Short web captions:

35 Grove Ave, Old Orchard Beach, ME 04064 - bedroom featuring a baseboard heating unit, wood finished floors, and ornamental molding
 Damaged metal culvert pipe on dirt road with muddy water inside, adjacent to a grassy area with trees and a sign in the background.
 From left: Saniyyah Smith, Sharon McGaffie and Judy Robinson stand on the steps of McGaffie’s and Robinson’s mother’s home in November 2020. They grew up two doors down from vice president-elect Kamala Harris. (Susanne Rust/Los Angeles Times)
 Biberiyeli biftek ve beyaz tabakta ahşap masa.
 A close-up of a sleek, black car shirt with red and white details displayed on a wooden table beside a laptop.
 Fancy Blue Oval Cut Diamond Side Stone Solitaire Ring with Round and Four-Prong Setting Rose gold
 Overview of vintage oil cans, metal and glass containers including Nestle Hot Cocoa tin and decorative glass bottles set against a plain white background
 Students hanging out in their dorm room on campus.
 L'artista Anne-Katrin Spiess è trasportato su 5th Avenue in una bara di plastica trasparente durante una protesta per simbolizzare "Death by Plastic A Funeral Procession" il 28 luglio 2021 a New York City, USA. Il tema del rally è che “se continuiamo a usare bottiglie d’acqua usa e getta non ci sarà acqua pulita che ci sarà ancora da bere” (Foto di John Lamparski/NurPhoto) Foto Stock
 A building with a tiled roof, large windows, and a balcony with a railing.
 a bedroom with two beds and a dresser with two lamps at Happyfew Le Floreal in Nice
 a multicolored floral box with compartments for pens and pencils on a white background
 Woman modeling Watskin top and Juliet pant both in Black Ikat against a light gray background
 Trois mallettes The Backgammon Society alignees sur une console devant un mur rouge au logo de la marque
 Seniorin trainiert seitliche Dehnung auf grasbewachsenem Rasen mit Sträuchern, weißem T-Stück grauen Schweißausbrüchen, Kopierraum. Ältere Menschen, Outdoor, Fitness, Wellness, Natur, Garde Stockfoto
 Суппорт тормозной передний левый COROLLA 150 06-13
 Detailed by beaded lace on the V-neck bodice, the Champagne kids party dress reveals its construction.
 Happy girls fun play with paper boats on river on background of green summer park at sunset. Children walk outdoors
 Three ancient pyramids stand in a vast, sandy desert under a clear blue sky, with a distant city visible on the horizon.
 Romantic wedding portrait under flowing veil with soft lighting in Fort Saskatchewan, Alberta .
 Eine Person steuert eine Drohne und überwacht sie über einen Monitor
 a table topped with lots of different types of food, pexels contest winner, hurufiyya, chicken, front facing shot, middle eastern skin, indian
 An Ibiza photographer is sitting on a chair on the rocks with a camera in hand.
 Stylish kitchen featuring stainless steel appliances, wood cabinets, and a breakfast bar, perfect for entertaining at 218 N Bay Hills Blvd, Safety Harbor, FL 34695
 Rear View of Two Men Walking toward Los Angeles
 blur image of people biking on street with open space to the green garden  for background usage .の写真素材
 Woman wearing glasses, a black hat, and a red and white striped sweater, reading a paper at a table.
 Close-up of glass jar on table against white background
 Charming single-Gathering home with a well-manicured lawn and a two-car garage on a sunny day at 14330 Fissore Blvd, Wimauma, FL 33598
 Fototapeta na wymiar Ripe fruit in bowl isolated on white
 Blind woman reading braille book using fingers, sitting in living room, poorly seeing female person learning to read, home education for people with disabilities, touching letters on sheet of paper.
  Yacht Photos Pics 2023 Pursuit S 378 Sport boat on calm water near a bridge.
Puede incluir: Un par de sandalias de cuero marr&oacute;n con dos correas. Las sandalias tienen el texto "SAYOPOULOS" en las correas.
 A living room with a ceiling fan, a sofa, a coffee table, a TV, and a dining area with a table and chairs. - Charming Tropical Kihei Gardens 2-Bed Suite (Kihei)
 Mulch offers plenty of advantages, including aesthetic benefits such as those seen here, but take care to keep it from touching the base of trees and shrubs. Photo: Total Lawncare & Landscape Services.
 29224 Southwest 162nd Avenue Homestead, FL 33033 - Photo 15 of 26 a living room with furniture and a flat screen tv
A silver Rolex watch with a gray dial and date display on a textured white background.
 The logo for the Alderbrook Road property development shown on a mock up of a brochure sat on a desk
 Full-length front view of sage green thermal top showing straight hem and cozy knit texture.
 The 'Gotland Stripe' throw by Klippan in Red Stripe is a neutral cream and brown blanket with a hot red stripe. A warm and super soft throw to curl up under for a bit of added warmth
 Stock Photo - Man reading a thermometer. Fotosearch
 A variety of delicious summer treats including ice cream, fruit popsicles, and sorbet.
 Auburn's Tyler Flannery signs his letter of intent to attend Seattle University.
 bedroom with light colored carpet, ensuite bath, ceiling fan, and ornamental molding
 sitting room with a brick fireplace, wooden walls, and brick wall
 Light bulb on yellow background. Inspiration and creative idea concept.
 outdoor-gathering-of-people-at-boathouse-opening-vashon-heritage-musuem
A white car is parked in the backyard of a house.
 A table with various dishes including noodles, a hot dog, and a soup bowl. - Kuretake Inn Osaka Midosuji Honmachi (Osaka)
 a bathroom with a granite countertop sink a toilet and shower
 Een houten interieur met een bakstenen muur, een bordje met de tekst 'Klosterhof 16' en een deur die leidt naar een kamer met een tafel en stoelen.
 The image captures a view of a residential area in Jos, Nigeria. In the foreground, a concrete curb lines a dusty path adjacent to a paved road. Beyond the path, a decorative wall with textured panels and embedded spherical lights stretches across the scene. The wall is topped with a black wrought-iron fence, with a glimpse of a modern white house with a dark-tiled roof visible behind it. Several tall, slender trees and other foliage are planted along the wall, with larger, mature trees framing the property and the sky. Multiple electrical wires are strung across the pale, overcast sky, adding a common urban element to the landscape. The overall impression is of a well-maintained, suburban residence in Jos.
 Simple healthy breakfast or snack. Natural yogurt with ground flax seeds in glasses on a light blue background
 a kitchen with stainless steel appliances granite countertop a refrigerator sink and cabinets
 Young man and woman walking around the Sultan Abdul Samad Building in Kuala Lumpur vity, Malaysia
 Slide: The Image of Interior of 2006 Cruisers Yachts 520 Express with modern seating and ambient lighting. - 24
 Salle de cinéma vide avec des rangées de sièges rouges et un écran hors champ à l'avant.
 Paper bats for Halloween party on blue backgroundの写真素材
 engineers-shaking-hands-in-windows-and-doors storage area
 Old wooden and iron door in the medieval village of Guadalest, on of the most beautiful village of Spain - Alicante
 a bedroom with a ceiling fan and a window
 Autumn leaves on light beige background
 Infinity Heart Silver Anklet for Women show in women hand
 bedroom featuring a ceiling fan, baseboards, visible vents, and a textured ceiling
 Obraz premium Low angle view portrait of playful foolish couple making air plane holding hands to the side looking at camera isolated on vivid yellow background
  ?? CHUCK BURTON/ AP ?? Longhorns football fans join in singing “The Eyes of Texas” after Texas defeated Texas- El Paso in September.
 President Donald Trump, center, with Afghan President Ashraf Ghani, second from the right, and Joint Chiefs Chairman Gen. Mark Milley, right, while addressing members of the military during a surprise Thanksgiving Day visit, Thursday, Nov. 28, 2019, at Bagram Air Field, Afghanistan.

### WHAT IS NEEDED:
Your answer should be the exact lines above from the one with "Woman wearing glasses, a" through the one with "Yacht Photos Pics", both included, and nothing besides.

### WRITTEN RESPONSE:
 Woman wearing glasses, a black hat, and a red and white striped sweater, reading a paper at a table.
 Close-up of glass jar on table against white background
 Charming single-Gathering home with a well-manicured lawn and a two-car garage on a sunny day at 14330 Fissore Blvd, Wimauma, FL 33598
 Fototapeta na wymiar Ripe fruit in bowl isolated on white
 Blind woman reading braille book using fingers, sitting in living room, poorly seeing female person learning to read, home education for people with disabilities, touching letters on sheet of paper.
  Yacht Photos Pics 2023 Pursuit S 378 Sport boat on calm water near a bridge.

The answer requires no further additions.